**Provided entries:**
>>>>

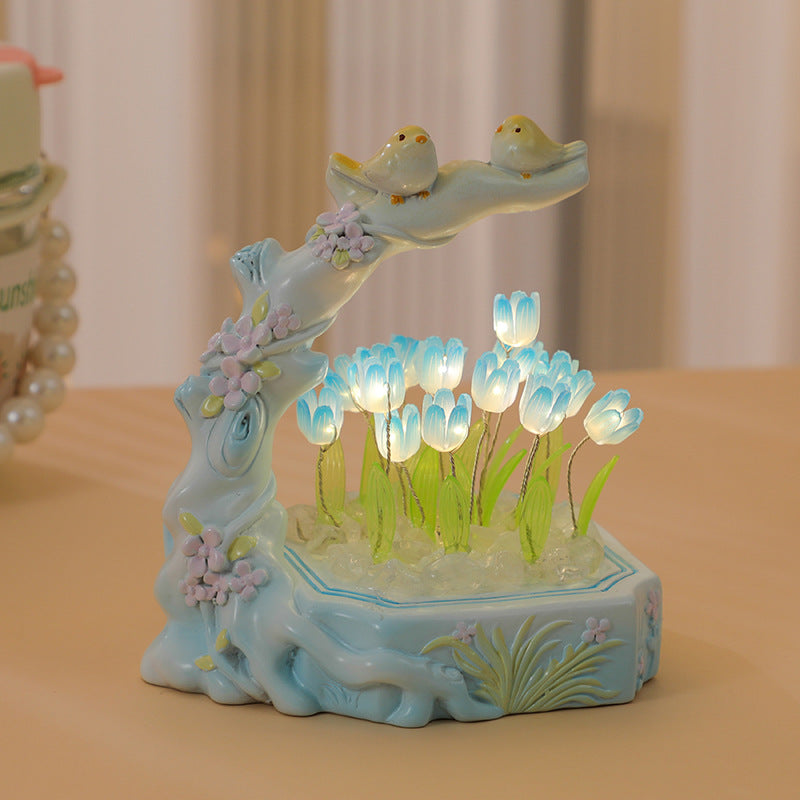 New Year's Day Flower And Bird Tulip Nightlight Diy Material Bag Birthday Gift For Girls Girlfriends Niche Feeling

<<<<
>>>>

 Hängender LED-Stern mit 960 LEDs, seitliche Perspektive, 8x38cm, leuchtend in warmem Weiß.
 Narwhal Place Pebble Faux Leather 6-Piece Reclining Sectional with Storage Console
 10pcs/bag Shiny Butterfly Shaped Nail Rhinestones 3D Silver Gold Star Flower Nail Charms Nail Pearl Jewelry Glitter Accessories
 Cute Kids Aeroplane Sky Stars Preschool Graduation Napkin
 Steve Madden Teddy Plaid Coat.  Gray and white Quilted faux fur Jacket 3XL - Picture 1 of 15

<<<<
>>>>

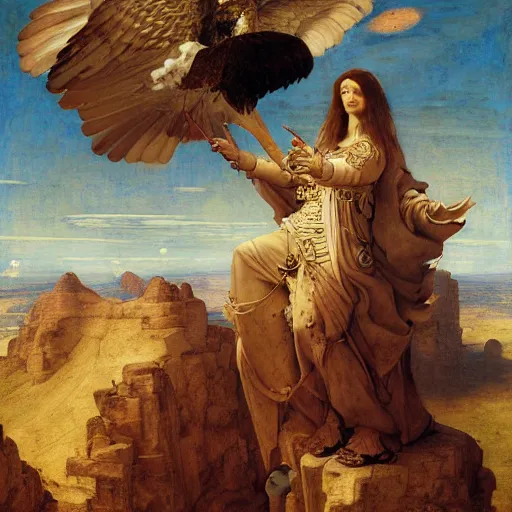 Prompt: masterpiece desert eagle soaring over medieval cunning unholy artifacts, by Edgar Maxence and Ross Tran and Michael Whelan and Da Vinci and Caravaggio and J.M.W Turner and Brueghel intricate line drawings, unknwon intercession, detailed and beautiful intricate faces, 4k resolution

<<<<

**What you will do:** Take the lines above from the one containing "10pcs/bag Shiny Butterfly" to the one containing "Steve Madden Teddy" and retype them exactly, both ends included, with nothing added.

**The completed task:**
 10pcs/bag Shiny Butterfly Shaped Nail Rhinestones 3D Silver Gold Star Flower Nail Charms Nail Pearl Jewelry Glitter Accessories
 Cute Kids Aeroplane Sky Stars Preschool Graduation Napkin
 Steve Madden Teddy Plaid Coat.  Gray and white Quilted faux fur Jacket 3XL - Picture 1 of 15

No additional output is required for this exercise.